North America’s 25 biggest cedants
The client at the PCI conference is, as ever, king—and with this in mind and with the help of SNL Financial, a product of S&P Global Market Intelligence, we decided to take a look at the biggest buyers of reinsurance in North America.
As the North American re/insurance industry convenes at PCI for the annual industry convention, as well as looking forward to hearing George W Bush speak, many players will also be embroiled in negotiations around their year-end renewals.
Measuring the biggest buyers of reinsurance in North America is no simple task, such is the increasing complexity of the industry. Insurers are also reinsurers—and vice versa—these days and a plethora of risk transfer mechanisms exist from the simple yet innovative to the downright opaque, all of which can skew the way companies report their ceded premiums.
On top of this, a few of these entities are actually subsidiaries of larger groups domiciled in other parts of the world, such as Bermuda. As such, an element of their ceded premium ratio may merely reflect business being moved or reinsured internally.
Other vagaries may also underpin this data that mean the ceded premiums figure does not necessarily reflect conventional reinsurance spend. Quite often fronted business (ceded 100 percent) will be included as well. This particularly applies to some of the big primary insurance groups.
Equally, switching from non-proportional to proportional cover, or vice versa, can have a significant influence on the reported numbers.
The following tables, however, give a pretty good indication of which groups in North America are buying the most reinsurance—as long as you bear these caveats in mind. And to the discerning reinsurer or reinsurance broker, they will make interesting reading.
One trend that is identifiable is that the ceded ratio of many groups has increased year on year, which ties in with what many brokers and rating agencies have been saying in the past year.
Out of the 25 insurers here, 14 have increased their ceded ratio between 2014 and 2015. The majority remained stable; very few experienced a big drop-off.
It is also notable that some companies have very high ceded ratios. While this number may well be skewed by fronting arrangements or other risk transfer instruments or moving business back to a parent companies based elsewhere, for some of these companies it may also be attributed to their business model.

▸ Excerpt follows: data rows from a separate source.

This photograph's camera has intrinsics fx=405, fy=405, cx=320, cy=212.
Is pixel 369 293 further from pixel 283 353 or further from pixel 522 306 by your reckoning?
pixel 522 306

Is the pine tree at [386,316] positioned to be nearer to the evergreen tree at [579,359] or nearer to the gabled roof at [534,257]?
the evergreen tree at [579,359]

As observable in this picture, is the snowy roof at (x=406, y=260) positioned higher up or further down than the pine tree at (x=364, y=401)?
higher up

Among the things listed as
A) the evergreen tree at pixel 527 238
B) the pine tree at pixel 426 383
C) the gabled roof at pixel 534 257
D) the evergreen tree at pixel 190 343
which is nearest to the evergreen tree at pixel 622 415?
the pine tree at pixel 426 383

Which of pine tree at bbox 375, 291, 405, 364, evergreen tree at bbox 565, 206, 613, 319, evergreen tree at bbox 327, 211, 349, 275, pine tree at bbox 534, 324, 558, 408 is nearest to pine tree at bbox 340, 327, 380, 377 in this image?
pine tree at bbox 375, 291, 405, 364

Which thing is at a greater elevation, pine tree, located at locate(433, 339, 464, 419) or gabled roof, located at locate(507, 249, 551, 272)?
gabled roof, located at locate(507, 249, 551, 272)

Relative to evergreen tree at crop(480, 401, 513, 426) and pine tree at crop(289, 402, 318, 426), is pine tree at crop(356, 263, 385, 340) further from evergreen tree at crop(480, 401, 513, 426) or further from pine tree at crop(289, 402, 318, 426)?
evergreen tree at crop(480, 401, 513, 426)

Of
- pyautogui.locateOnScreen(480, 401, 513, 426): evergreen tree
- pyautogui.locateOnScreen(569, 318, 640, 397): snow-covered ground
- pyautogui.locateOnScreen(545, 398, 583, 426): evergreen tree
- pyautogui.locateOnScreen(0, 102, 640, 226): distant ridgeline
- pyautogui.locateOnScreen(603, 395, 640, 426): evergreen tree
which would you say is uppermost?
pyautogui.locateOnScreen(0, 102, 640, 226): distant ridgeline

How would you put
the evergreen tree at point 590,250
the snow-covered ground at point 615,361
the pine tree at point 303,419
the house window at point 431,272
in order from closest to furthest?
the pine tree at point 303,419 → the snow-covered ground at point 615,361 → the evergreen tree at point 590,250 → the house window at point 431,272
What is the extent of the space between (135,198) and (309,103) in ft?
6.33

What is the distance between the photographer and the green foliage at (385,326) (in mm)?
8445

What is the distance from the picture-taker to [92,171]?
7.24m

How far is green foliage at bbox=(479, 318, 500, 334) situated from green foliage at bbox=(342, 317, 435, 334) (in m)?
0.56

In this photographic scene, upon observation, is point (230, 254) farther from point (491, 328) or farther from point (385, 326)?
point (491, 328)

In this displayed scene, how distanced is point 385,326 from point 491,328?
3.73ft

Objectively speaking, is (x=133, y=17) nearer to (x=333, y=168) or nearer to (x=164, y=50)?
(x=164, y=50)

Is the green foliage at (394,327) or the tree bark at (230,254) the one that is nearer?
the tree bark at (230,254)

Chubb, for instance, which has a ceded ratio of 25 percent, announced a joint venture with fund manager BlackRock in which it formed its own fund last year, called ABR Re, to manage its reinsurance needs.

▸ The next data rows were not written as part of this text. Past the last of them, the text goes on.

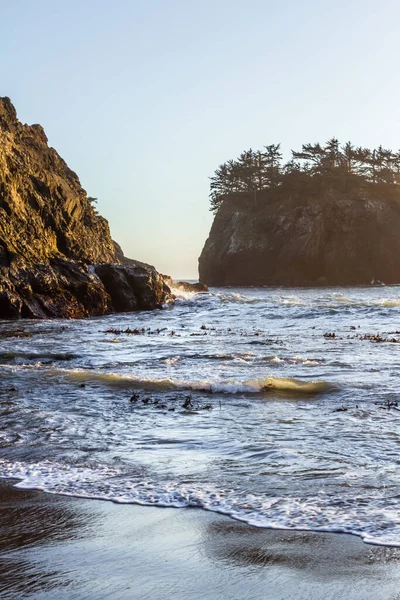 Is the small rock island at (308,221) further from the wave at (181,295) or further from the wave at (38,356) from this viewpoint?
the wave at (38,356)

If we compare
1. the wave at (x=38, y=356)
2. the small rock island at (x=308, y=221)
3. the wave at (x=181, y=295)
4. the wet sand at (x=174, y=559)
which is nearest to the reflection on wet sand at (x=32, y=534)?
the wet sand at (x=174, y=559)

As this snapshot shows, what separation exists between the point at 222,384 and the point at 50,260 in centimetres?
2345

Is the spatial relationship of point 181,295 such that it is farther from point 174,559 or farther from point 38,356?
point 174,559

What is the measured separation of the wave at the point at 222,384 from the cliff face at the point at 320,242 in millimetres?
70164

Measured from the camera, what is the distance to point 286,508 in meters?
4.70

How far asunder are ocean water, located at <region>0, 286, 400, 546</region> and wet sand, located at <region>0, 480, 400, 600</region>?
1.07 ft

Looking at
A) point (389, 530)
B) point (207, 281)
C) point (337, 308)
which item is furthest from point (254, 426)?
point (207, 281)

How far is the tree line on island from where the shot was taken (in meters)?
87.9

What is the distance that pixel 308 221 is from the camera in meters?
80.6

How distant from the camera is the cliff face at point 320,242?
79.9 meters

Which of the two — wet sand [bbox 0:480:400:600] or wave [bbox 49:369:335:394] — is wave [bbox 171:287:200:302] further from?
wet sand [bbox 0:480:400:600]

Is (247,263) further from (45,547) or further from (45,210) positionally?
(45,547)

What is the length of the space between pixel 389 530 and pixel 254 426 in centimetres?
348

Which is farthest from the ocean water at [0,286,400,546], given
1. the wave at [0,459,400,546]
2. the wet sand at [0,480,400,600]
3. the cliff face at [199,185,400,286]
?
the cliff face at [199,185,400,286]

ABR Re raised $800 million of capital. ACE is to be the sole source of reinsurance risks ceded to ABR Re, and BlackRock will be ABR Re’s exclusive investment management service provider.
ACE described the venture as a complement to the traditional markets but the point is also that while it represents an innovative way for ACE to manage its risk, it would presumably also encourage it to cede more risk, thus having a higher ceded ratio.
The very biggest buyers overall, however, will be no surprise. The likes of AIG, Chubb, Liberty and CNA are the continent’s biggest insurers with a lot of risk coming in through their front doors. While they may have restructured their reinsurance arrangements in recent years, they too remain reliant on their reinsurance partners—while also being the industry’s biggest customers.